Hacking claims put Kenya at the centre of US-China cold war

BackdoorDiplomacy, a Chinese state-linked hacking team, allegedly targeted the ministries of defence, information, health, land and interior. [iStockphoto]

On February 3, 2012, Kenya’s Ministry of Interior and National Administration advertised a tender for a project to supply, install and commission a National Surveillance Communication Command system at the National Police Service.

This set off a chain of events with lasting consequences for the country and key bilateral partners.  

The funding of the Sh12 billion project was provided through a concessionary loan from the government of the People’s Republic of China and the tender was restricted to Chinese firms. 

Avic International Holdings, ALIT, China Xinshidai Company, ZTE Corporation and Huawei Technologies Africa were invited to submit their bids.

A few months later, two firms, ZTE Corporation and Huawei Technologies filed separate motions challenging the procurement process.  

ZTE had just beaten Huawei to a Sh6.4 billion deal to build Telkom Kenya’s 3G network the previous year, and the firm argued it was the only one that passed the technical evaluation stage to install the National Surveillance System.  

Huawei, on the other hand, moved to court to challenge the procurement process, arguing that the tendering committee conducted a financial evaluation on only ZTE’s bid, returning the rest unopened. A few months after the 2013 General Election, Huawei withdrew its case soon after the government announced that Safaricom would undertake the project to build the National Surveillance System for Sh14.9 billion. 

Around the same time, two ZTE directors - Zou Lingying and Yang Yong - were arrested at their residence off Nairobi’s Ngong Road and held at the Kenya Ports Authority (KPA) inland depot for 12 hours before being deported. 

Amid China’s growing economic influence in the region, the incident cast a spotlight on the high-stakes competition between Chinese firms in the scramble for multi-billion-shilling infrastructure tenders in Kenya.     

This scramble for long-term infrastructure deals ratchets up during a political transition and last year’s General Election was no exception. A report by news agency Reuters earlier this week claimed that a Chinese-sponsored hacking group infiltrated and spied on Kenyan government systems, including the National Intelligence Service (NIS) and the Office of the President.  

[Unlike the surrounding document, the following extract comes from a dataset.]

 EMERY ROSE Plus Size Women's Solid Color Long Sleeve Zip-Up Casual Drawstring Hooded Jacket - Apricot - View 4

The report claimed that BackdoorDiplomacy, a Chinese state-linked hacking team, also targeted the ministries of defence, information, health, land and interior in a covert espionage campaign dating back to 2019.  China and Kenya responded quickly to the report, with the latter casting doubts that Beijing could outsource hackers to infiltrate systems that it helped to set up. 

“The deliberate stoking of panic and mistrust with an established vendor of sensitive infrastructure hints at geopolitical and global rivalries for markets for niche equipment and attendant services and leverages,” said Interior Principal Secretary Raymond Omollo in a statement.

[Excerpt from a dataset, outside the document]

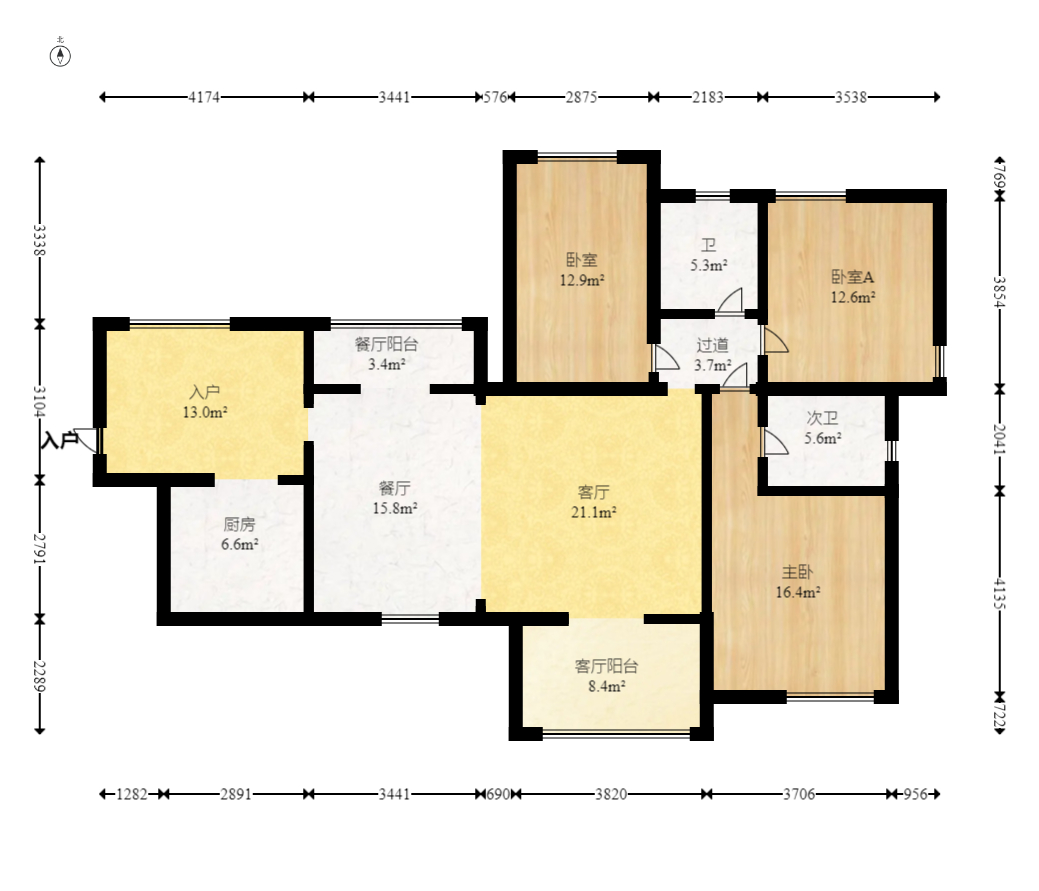 华润凤凰城一期  3室2厅2卫    85.8万室内图1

“The article should be viewed as sponsored propaganda. The wide circulation and the alacrity for its attribution by other foreign media with well-known inclinations further hint at a choreographed and concerted attack against Kenya’s sovereignty,” he said. China equally responded strongly to the allegations, terming them “groundless and sheer nonsense”  as it hit out at unnamed foreign players. 

“Tracking the source of cyber attacks is a complex technical issue. Moreover, it is a highly sensitive political issue to pin the label of cyber attack on a certain government without solid evidence. China endeavours to strengthen solidarity and cooperation with Kenya and work together with Kenya to strive for new progress in the China-Kenya comprehensive strategic partnership,” said a Chinese Embassy spokesperson.  Earlier this week, the US and international cybersecurity agencies in Canada, Australia, New Zealand and the United Kingdom issued an international advisory accusing China of conducting State-sponsored attacks in the West. 

The report also came months after Huawei and the Communications Authority of Kenya signed a memorandum of understanding on, among other things, growing Kenya’s 5G infrastructure, artificial intelligence and cybersecurity. 

The deal is the latest in advances by Beijing to bolster its foothold in the country as it comes out of a political transition, with the Kenya Kwanza administration lining up tens of billions of shillings in mega projects across several sectors. Some of the mega projects that China will be bankrolling in the near term include the construction of the Nairobi Western bypass for Sh5.2 billion, the Konza Data Center at Sh3.6 billion and power generation and transmission projects valued at more than Sh24 billion.